## Records for this task
((
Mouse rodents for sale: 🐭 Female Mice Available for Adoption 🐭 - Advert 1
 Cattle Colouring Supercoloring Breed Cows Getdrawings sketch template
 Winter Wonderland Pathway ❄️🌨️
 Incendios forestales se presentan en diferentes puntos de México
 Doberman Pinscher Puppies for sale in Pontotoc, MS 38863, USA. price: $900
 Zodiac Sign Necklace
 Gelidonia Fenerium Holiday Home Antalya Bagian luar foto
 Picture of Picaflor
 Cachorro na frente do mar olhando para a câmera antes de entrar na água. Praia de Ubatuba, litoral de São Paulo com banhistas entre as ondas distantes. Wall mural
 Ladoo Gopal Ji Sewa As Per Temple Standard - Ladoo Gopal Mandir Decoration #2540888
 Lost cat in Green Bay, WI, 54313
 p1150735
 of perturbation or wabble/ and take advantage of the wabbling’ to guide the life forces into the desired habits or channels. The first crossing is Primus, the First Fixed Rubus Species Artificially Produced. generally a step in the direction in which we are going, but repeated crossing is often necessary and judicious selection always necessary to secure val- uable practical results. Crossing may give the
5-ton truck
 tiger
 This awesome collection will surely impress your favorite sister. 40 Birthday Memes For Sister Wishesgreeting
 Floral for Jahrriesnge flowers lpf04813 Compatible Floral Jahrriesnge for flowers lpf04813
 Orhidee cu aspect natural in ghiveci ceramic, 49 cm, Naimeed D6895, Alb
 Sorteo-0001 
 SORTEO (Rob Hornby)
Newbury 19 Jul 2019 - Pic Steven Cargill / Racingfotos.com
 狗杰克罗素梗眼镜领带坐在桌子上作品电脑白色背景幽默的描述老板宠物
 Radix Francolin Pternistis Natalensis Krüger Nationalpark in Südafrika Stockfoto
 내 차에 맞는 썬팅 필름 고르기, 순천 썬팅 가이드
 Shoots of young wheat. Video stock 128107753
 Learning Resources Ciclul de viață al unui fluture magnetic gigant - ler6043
))
## What you will do
Write out only the lines that run from the line containing "Cattle Colouring Supercoloring" through the line containing "Ladoo Gopal Ji", both included, exactly as they appear above.

## Reply to the task
 Cattle Colouring Supercoloring Breed Cows Getdrawings sketch template
 Winter Wonderland Pathway ❄️🌨️
 Incendios forestales se presentan en diferentes puntos de México
 Doberman Pinscher Puppies for sale in Pontotoc, MS 38863, USA. price: $900
 Zodiac Sign Necklace
 Gelidonia Fenerium Holiday Home Antalya Bagian luar foto
 Picture of Picaflor
 Cachorro na frente do mar olhando para a câmera antes de entrar na água. Praia de Ubatuba, litoral de São Paulo com banhistas entre as ondas distantes. Wall mural
 Ladoo Gopal Ji Sewa As Per Temple Standard - Ladoo Gopal Mandir Decoration #2540888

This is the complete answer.